Providers, insurers, and IDR entities are operating in a regulatory environment where the specific rules that govern how payment disputes are resolved lack the stability of binding, judicially validated regulation. IDR entities must apply the statute — meaning they must genuinely weigh the QPA alongside training, experience, acuity, market share, and prior contracting history — without being able to rely on the regulatory structure that was intended to operationalize that multi-factor test.

For health system compliance teams, the gap means that payment amounts resolved in the IDR process during the current period are based on an agency-constructed interim framework that is itself legally contested. That does not mean IDR awards are void — the statute is valid, and IDR awards under the statute have independent legal force. But it does mean that the detailed procedural rules governing those awards are less stable than a finally adjudicated regulatory framework would provide.

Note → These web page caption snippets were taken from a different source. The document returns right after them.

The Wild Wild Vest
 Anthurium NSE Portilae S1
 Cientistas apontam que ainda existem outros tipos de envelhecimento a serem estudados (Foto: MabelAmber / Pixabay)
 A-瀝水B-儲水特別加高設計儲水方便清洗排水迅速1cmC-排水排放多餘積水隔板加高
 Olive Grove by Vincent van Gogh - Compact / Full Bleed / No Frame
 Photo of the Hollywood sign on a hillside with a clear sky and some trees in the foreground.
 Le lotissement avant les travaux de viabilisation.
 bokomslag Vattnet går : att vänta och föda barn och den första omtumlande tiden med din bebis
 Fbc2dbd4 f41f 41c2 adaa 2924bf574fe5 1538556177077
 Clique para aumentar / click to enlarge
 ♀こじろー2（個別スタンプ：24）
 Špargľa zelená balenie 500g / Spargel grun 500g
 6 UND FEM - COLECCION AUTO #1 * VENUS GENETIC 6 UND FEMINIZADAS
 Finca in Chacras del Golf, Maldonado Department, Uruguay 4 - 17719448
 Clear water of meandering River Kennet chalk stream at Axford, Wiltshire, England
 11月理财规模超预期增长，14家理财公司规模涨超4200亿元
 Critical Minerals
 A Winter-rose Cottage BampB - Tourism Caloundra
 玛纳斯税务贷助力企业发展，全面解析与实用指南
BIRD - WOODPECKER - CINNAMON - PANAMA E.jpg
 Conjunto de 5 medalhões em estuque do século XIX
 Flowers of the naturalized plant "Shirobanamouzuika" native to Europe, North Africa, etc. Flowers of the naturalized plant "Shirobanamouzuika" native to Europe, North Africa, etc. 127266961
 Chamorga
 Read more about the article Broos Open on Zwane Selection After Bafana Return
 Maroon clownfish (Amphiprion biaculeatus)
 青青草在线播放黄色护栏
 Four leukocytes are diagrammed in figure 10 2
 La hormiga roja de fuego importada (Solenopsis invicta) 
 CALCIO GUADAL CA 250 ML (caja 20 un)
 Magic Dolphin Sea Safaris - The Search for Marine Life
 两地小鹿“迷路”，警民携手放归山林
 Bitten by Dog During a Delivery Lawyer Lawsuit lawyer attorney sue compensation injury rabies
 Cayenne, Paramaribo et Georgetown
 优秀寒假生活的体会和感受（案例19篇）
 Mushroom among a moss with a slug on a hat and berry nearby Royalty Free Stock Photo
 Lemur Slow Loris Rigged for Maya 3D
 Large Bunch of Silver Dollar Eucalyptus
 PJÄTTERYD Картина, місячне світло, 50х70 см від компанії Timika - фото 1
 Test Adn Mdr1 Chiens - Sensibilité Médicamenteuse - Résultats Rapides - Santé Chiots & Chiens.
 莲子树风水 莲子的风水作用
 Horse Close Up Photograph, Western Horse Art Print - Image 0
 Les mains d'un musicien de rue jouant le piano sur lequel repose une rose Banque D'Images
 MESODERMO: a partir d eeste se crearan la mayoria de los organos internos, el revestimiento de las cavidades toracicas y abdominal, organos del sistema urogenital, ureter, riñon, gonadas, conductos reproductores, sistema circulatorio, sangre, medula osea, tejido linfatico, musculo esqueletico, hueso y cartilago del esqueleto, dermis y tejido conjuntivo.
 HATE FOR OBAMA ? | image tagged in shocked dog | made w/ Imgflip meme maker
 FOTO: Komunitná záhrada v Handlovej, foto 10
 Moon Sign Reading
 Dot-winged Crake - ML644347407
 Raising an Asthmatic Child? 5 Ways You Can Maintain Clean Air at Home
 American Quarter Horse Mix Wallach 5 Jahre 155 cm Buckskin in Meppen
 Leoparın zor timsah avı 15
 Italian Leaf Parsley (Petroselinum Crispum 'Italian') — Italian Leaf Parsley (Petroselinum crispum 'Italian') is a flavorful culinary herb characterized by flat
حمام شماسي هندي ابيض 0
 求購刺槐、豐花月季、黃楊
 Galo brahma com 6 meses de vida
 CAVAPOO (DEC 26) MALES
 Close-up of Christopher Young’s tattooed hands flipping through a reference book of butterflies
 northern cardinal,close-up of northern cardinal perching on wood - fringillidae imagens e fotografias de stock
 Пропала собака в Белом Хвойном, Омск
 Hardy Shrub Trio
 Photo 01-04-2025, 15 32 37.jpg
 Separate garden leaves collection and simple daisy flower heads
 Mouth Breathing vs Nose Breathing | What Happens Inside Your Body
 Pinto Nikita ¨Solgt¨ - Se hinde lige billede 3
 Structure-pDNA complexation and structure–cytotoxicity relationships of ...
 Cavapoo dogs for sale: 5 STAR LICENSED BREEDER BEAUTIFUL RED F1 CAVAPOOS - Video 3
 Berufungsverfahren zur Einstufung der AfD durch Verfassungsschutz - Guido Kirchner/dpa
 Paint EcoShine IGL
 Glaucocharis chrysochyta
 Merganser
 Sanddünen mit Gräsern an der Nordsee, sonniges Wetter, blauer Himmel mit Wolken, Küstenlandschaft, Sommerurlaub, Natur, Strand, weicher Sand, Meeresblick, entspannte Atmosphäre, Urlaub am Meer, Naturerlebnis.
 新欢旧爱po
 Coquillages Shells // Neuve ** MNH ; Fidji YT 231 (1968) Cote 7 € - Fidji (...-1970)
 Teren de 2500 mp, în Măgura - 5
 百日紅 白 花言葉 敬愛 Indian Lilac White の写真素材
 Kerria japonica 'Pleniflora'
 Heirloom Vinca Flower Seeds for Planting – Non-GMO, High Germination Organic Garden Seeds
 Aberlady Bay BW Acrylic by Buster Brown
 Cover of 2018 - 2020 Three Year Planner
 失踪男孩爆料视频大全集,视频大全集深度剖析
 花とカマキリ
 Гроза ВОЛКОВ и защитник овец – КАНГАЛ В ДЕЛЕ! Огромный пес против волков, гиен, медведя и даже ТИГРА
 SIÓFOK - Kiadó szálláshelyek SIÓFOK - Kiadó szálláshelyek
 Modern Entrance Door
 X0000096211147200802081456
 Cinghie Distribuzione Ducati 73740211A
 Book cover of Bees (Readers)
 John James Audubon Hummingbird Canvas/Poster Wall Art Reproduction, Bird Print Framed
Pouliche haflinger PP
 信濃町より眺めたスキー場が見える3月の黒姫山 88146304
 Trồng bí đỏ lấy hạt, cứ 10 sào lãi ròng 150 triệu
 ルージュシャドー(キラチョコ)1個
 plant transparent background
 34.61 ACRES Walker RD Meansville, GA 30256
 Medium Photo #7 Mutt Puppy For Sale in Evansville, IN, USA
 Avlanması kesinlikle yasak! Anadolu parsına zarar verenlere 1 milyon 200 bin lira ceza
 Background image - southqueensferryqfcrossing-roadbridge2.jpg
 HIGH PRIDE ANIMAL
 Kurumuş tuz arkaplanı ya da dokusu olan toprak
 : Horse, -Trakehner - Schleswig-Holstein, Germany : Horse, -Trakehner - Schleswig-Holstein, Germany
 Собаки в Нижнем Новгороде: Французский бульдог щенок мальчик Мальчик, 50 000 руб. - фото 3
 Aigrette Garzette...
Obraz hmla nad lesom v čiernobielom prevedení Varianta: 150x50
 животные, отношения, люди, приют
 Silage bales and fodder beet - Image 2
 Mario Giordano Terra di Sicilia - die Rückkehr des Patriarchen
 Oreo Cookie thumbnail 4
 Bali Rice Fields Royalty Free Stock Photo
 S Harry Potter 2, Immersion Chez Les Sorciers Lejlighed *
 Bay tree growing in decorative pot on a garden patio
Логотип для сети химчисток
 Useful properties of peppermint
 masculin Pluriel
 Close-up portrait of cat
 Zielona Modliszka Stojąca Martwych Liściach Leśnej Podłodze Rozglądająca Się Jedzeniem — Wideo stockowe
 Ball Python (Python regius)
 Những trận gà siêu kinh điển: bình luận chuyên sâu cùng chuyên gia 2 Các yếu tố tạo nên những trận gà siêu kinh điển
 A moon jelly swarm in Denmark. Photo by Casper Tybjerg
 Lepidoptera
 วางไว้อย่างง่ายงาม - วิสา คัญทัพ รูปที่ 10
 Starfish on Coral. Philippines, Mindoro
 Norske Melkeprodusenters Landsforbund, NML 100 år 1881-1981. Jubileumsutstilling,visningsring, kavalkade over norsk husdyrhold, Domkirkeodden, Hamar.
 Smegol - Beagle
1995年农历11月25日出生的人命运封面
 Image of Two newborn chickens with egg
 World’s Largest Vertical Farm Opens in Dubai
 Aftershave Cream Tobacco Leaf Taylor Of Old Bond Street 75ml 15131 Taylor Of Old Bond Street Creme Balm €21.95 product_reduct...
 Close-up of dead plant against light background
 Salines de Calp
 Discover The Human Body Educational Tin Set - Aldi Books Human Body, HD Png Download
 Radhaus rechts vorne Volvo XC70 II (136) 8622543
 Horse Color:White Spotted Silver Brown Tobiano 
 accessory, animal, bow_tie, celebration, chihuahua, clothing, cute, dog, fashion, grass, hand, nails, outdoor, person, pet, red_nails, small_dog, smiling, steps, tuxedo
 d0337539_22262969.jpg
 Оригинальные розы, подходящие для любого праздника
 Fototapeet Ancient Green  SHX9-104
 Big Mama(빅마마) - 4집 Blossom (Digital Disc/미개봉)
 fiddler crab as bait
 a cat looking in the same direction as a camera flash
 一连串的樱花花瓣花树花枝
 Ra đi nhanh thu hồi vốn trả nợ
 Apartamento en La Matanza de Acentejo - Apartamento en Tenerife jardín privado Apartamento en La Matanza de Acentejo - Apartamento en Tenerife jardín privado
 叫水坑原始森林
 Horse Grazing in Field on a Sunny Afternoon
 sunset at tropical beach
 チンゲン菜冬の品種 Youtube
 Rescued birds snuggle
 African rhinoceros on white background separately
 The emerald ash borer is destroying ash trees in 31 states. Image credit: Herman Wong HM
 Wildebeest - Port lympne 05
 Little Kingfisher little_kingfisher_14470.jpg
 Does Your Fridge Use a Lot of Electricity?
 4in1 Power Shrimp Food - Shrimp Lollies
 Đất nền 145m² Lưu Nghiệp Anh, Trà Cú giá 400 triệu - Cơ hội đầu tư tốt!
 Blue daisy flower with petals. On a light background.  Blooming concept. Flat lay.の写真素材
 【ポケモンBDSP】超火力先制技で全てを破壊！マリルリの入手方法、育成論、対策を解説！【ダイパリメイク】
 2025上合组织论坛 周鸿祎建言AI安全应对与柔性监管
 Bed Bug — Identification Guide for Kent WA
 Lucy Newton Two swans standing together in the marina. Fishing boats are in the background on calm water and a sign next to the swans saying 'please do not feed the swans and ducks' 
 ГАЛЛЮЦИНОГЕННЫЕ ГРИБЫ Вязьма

For insurers and health plans, the gap has an analogous implication. The QPA calculation methodology that agencies are allowing under enforcement discretion reflects the agencies' best current interpretation of how the statute should work in the absence of enforceable regulations. Relying on that methodology in contract negotiations or payment offer calculations is reasonable — but the methodology is not immunized from future challenge if the en banc court or subsequent rulemaking changes the framework.

Law Gaps tracks gaps like this one — where the statute is clear, the legislative intent is documented, but the regulatory apparatus meant to make it work is legally fragile. The No Surprises Act IDR situation is a concrete example of a gap produced by the interaction between judicial review of agency rulemaking and the pace at which agencies can re-issue valid replacements.